Atqi spontan mengangguk. Beberapa detik setelahnya ia baru sadar bahwa tindakannya ini keliru. Di sisi lain Atqi setuju dengan kalimat Bey barusan. Tapi di sisi lain, ia merasa ada yang ganjal. Ada yang salah dengan tindakannya sendiri yang membenarkan perkataan Bey.

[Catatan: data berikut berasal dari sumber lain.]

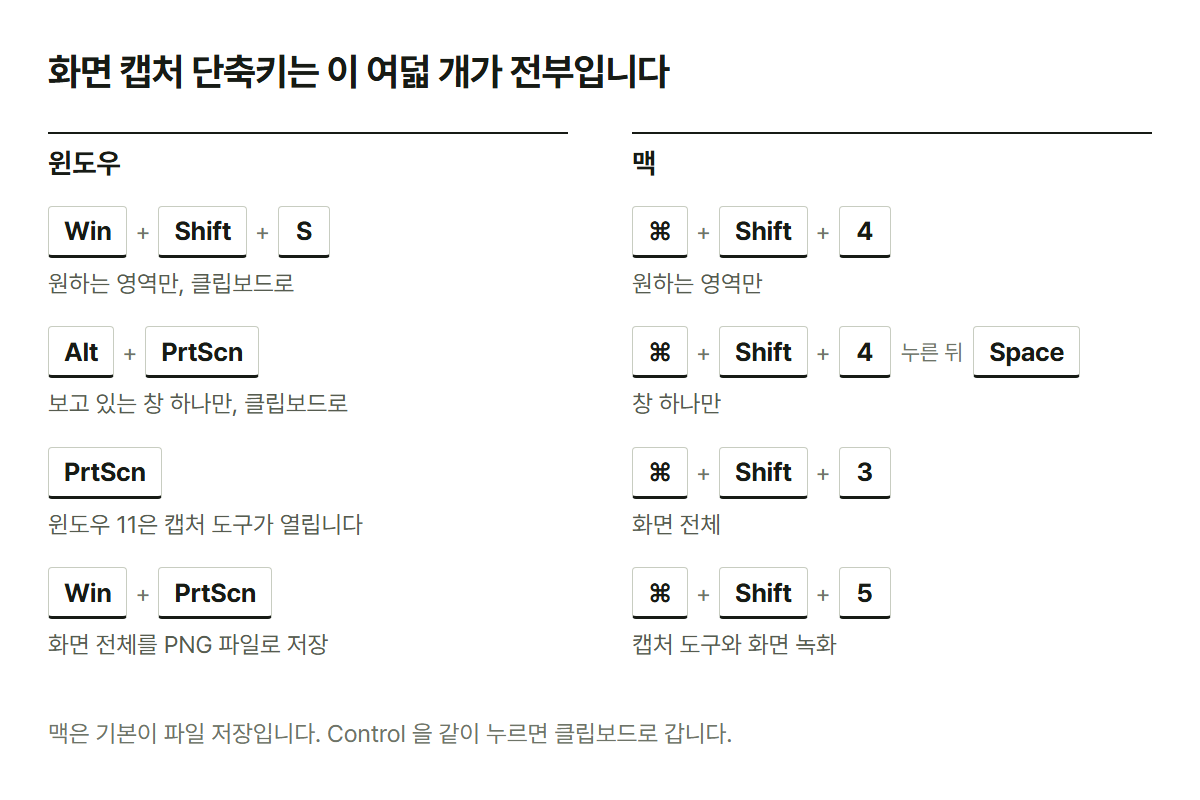 윈도우, 맥 화면 캡처 단축키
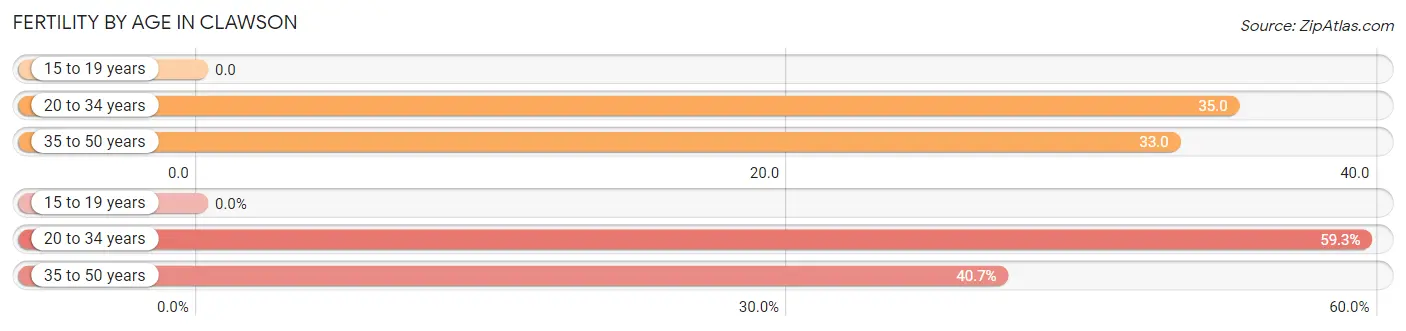 Female Fertility by Age in Clawson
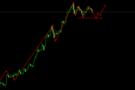 9.17黄金纳指今日行情趋势分析及黄金纳指独家交易操作策略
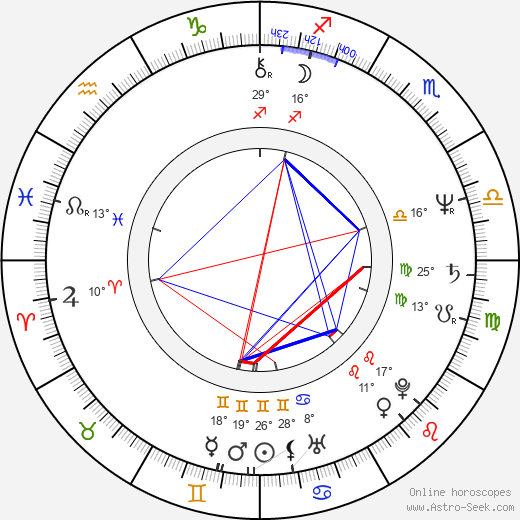 John Steppling birth chart, biography, wikipedia 2024, 2025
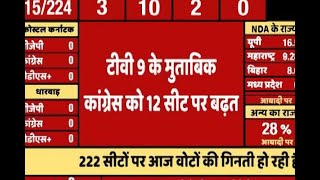 ABP Results: कर्नाटक चुनाव में वोटों की गिनती शुरू, कांग्रेस आगे | ABP News Hindi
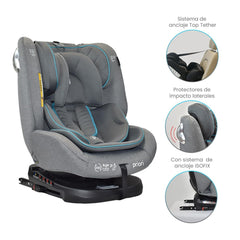 Silla Para Carro Priori First 360° Con Isofix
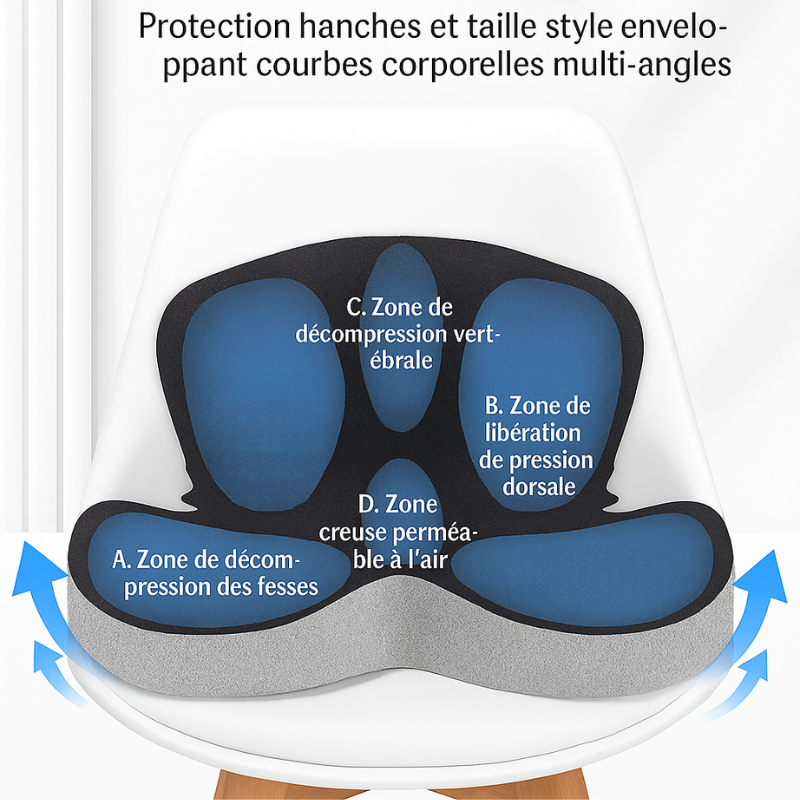 Postura™ - Coussin de siege Orthopédique
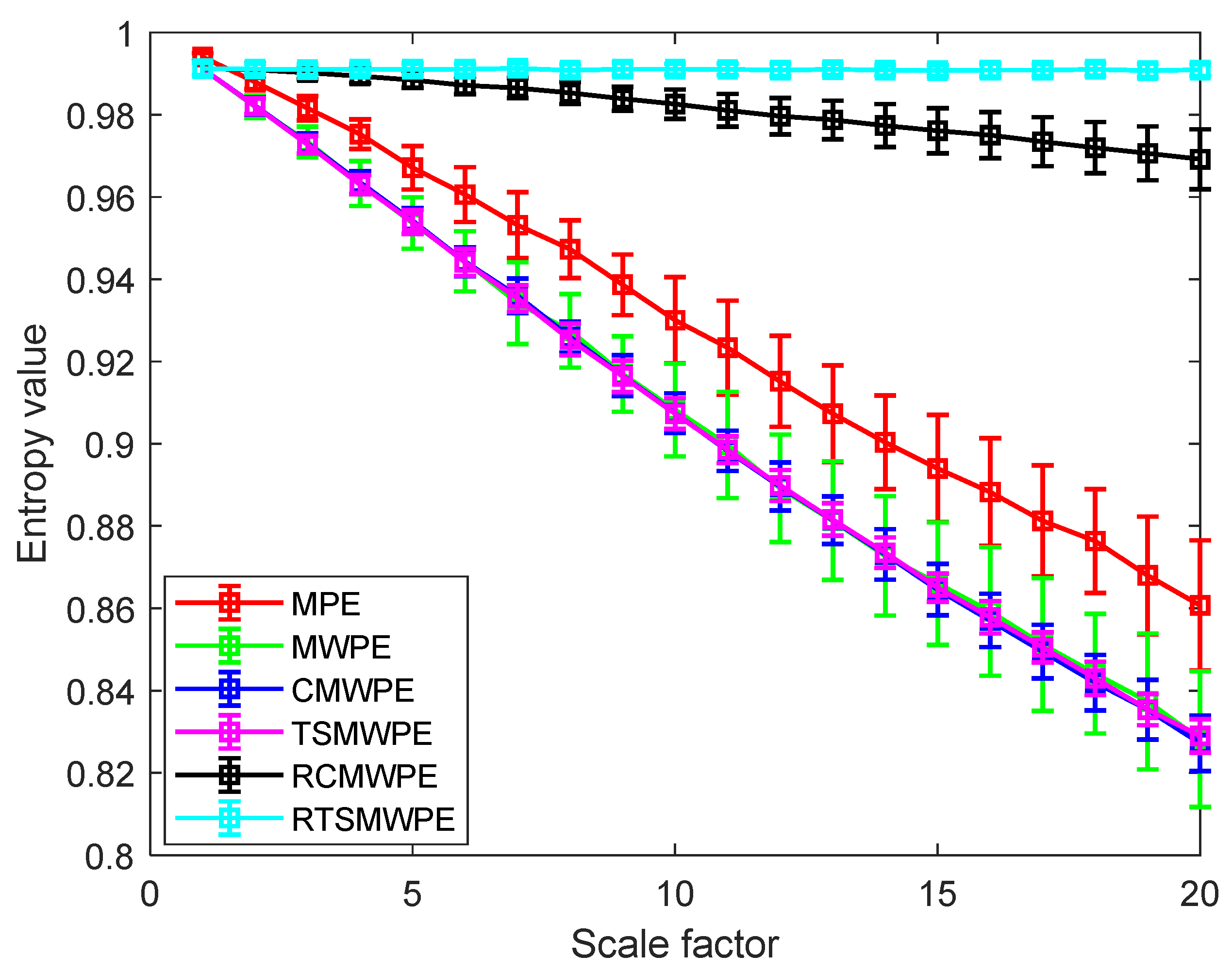 Entropy 24 01480 g008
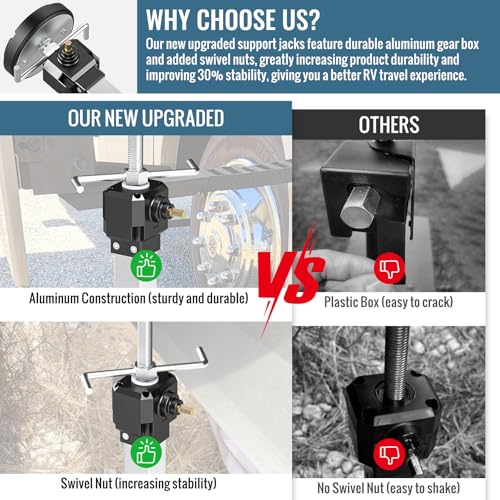 AUH Adjustable Camper Slide Out Support Jacks from 13.8"-26.8", 2 PCS RV Trailer Stabilizer Jacks with Rubber Pad for RV Patio, Aluminum Gear Box (Electric Drill Adjust),Supports Up to 5,000 lbs - Image 5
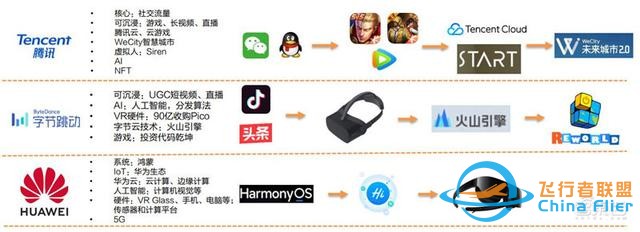 元宇宙深度報告，6層框架、4大賽道一文看懂 | 智東西內參-1052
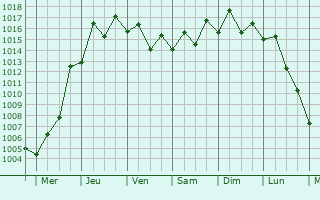 Graphe de la pression atmosphrique prvue pour Miyazaki-shi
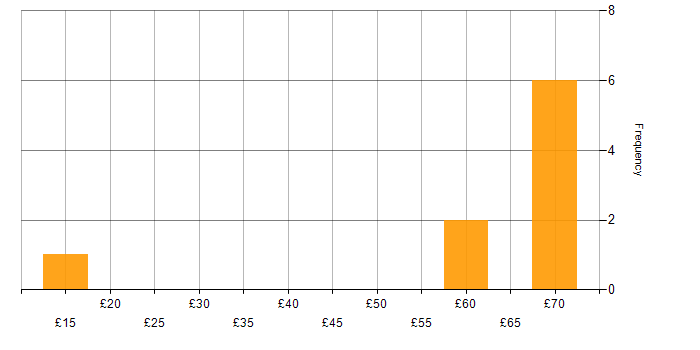 Hourly rate histogram for JIRA in Portsmouth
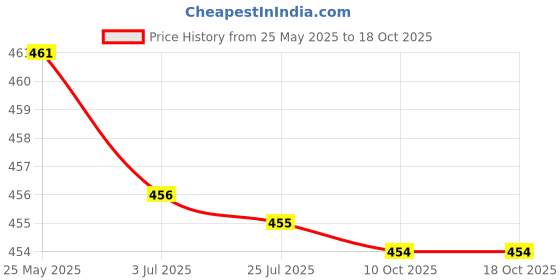 amazon.in SECRET DESIRE Makeup Spatula Easy to Clean Stainless Steel Makeup Mixing Spatula Tool without Bag Price History Graph from 25 May 2025 to 17 Oct 2025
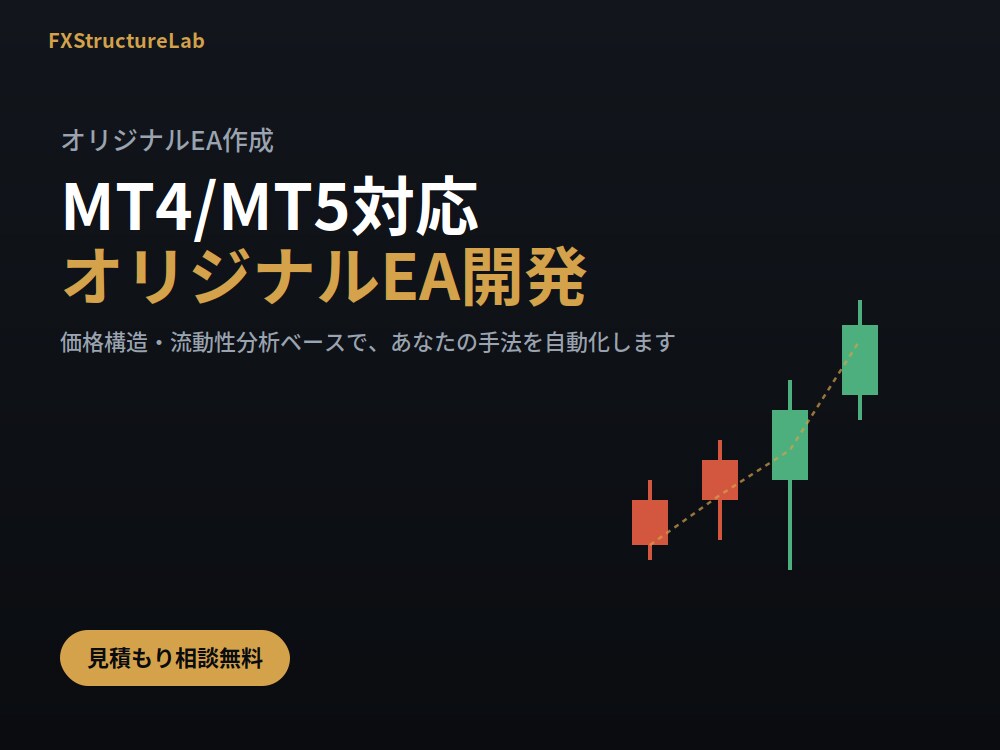 MT4/MT5対応のオリジナルEAを作成します 相場歴10年以上のトレーダーが正確に実装します。 イメージ1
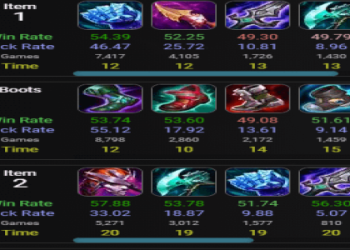 Ultimate Jungler Tier List for Patch 14.22: Best Champions for SoloQ Success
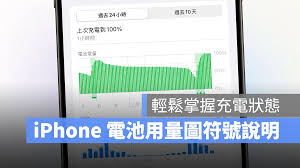 如何查看iPhone5s的电池容量
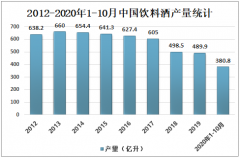 中国饮料酒产量逐年下降，2020年四川省饮料酒产量仍居全国首位[图]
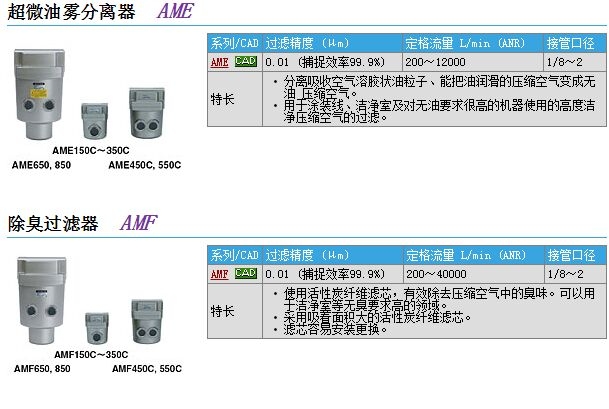 AMF350-N03快速報(bào)價(jià)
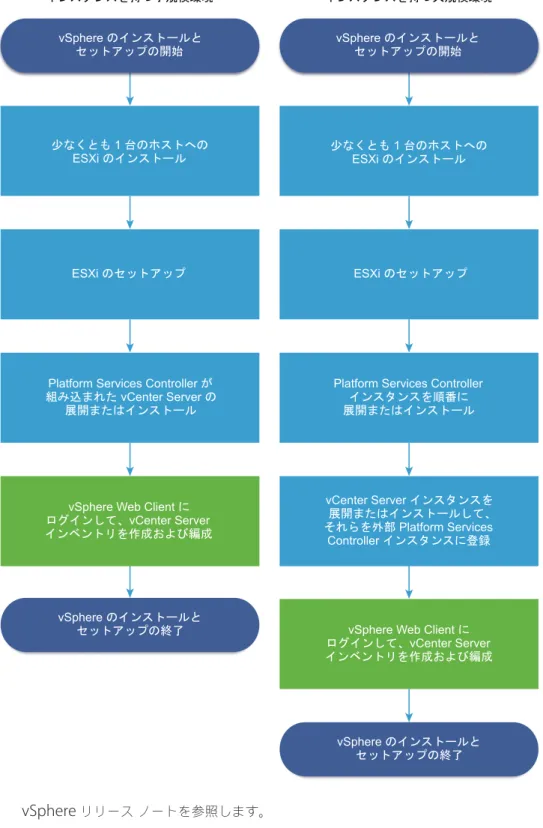 図  3 ‑1.  vSphere  のインストールとセットアップのワークフロー vSphere のインストールと セットアップの開始 vSphere のインストールと  セットアップの終了 1 つの vCenter Server  インスタンスを持つ小規模環境 複数の vCenter Server  インスタンスを持つ大規模環境少なくとも 1 台のホストへのESXi のインストールESXi のセットアップ組み込まれた vCenter Server の展開またはインストールPlatform Services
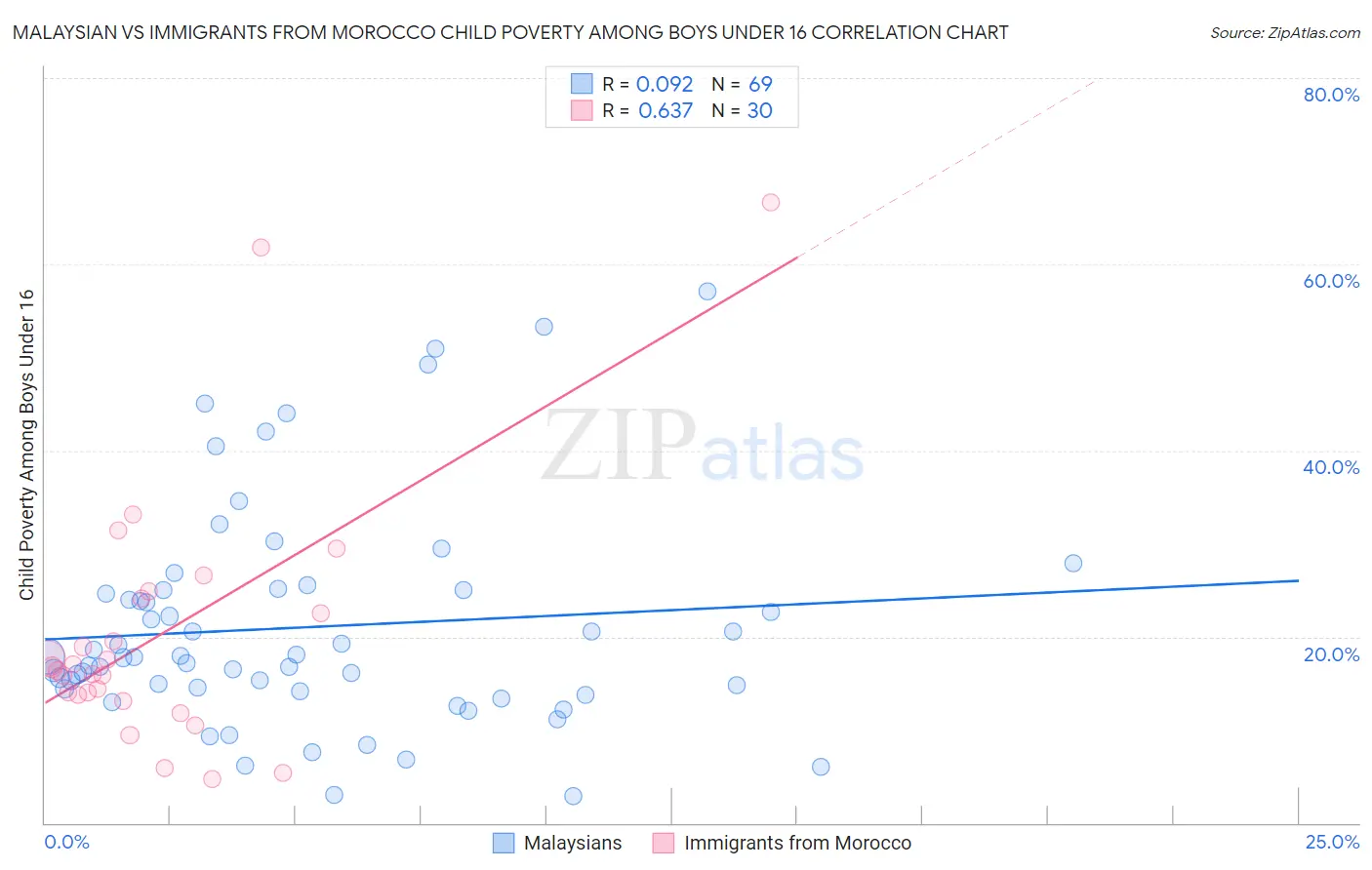 Malaysian vs Immigrants from Morocco Child Poverty Among Boys Under 16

“Oh … kirain … kalian lagi pacaran.” Hamzah berjalan ke sisi Atqi. Ia duduk tak jauh dari gadis itu, lalu mengenakan sepatunya. “Kalau enggak sih gak apa-apa. Takutnya kan …,” Hamzah melirik Bey dengan seringai tipis, “kalian pacaran di Masjid. Selaku ketua IMAJI, sudah jadi tugasku mengawasi orang-orang yang beraktivitas di sekitar sini. Buat jaga-jaga aja. Takutnya tempat suci ini disalahgunain kan?”
Atqi tak berani menoleh pada Hamzah. Ia tertunduk. Berbeda dengan Bey yang meskipun enggan menoleh pada Hamzah, ia masih berani mendongakkan kepalanya. Menganggukkan kepala seolah mengerti perkataan Hamzah.
Mendapati Atqi dan Bey sama-sama diam, Hamzah seolah tak punya pilihan lain selain buru-buru pergi dari sana. Tanpa mengatakan apa pun.
Bey yang melihat kepergian lelaki itu spontan menghela napas panjang. “Gak jelas banget tuh cowok!” dengkusnya. “Apa sih menariknya dia nyampe populer di kalangan para siswa? Orang gak jelas gitu kok diidolain sih!”
Atqi melirik pada Bey dengan sesungging senyuman miring. “Jadi ini yang mau kamu obrolin ke aku soal si Hamzah?”
Bey membalas lirikan Atqi, ia sampai menopang dagu. Lurus mengarahkan pandangannya hanya pada Atqi.
“Ada banyak! Bukan hanya ini!” kata Bey penuh nada penekanan. Banyak yang harus Bey tanyakan agar tidurnya malam ini nyenyak tanpa gangguan.